WORK REQUEST ▸
Repeat exactly the line with "Coach Drawings gallery" and each line after it to the end of the data below; pictures stay out.

ENTRIES PROVIDED ▸
● ● ● ●
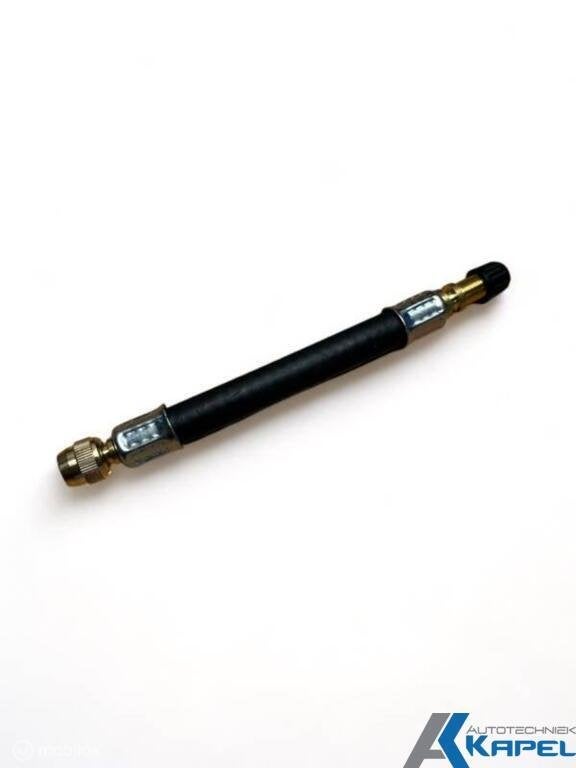 Ventiel verlenger rubber / flexibel 14 cm dudo T2, Auto-onderdelen, Overige Auto-onderdelen, Nieuw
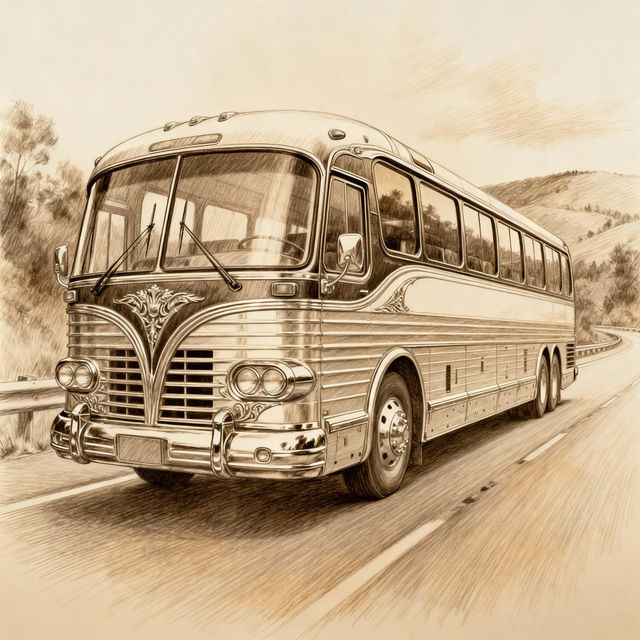 Coach Drawings gallery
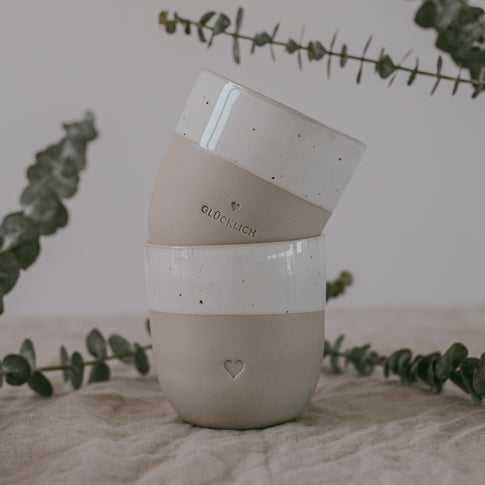 Petite Gobelet Glücklich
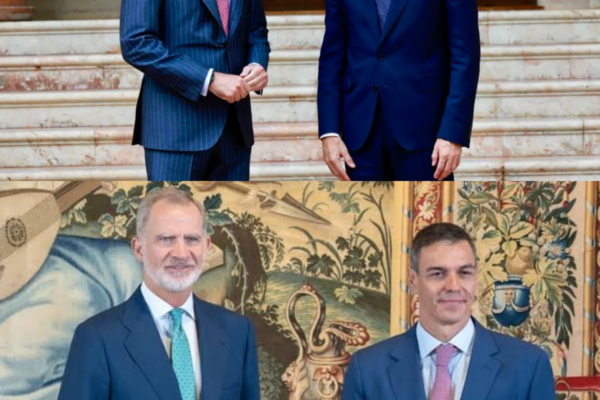 MUY GRAVE! ALBA CARRILLO CONTRA CEUTA Y PEDRO SÁNCHEZ CONTRA REY FELIP...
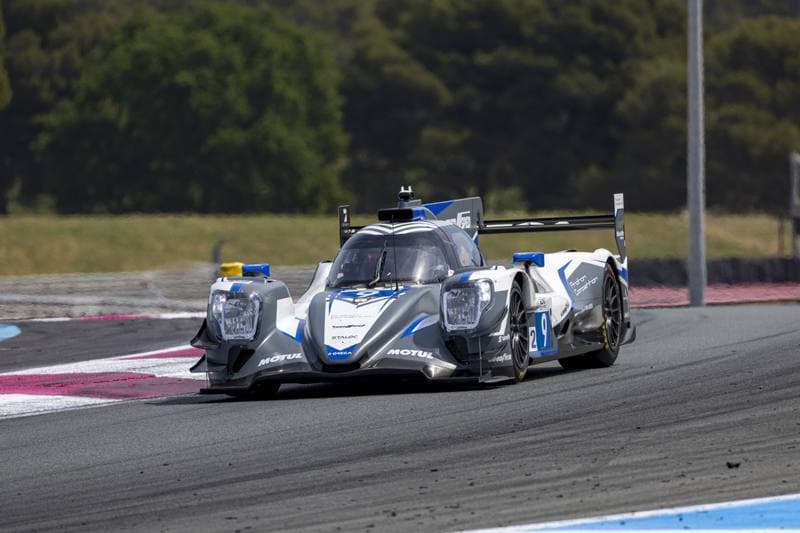 Motorsport. European Le Mans Series. 4 Hours of Le Castellet. 02.05.2026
● ● ● ●
WRITTEN RESPONSE ▸
 Coach Drawings gallery
 Petite Gobelet Glücklich
 MUY GRAVE! ALBA CARRILLO CONTRA CEUTA Y PEDRO SÁNCHEZ CONTRA REY FELIP...
 Motorsport. European Le Mans Series. 4 Hours of Le Castellet. 02.05.2026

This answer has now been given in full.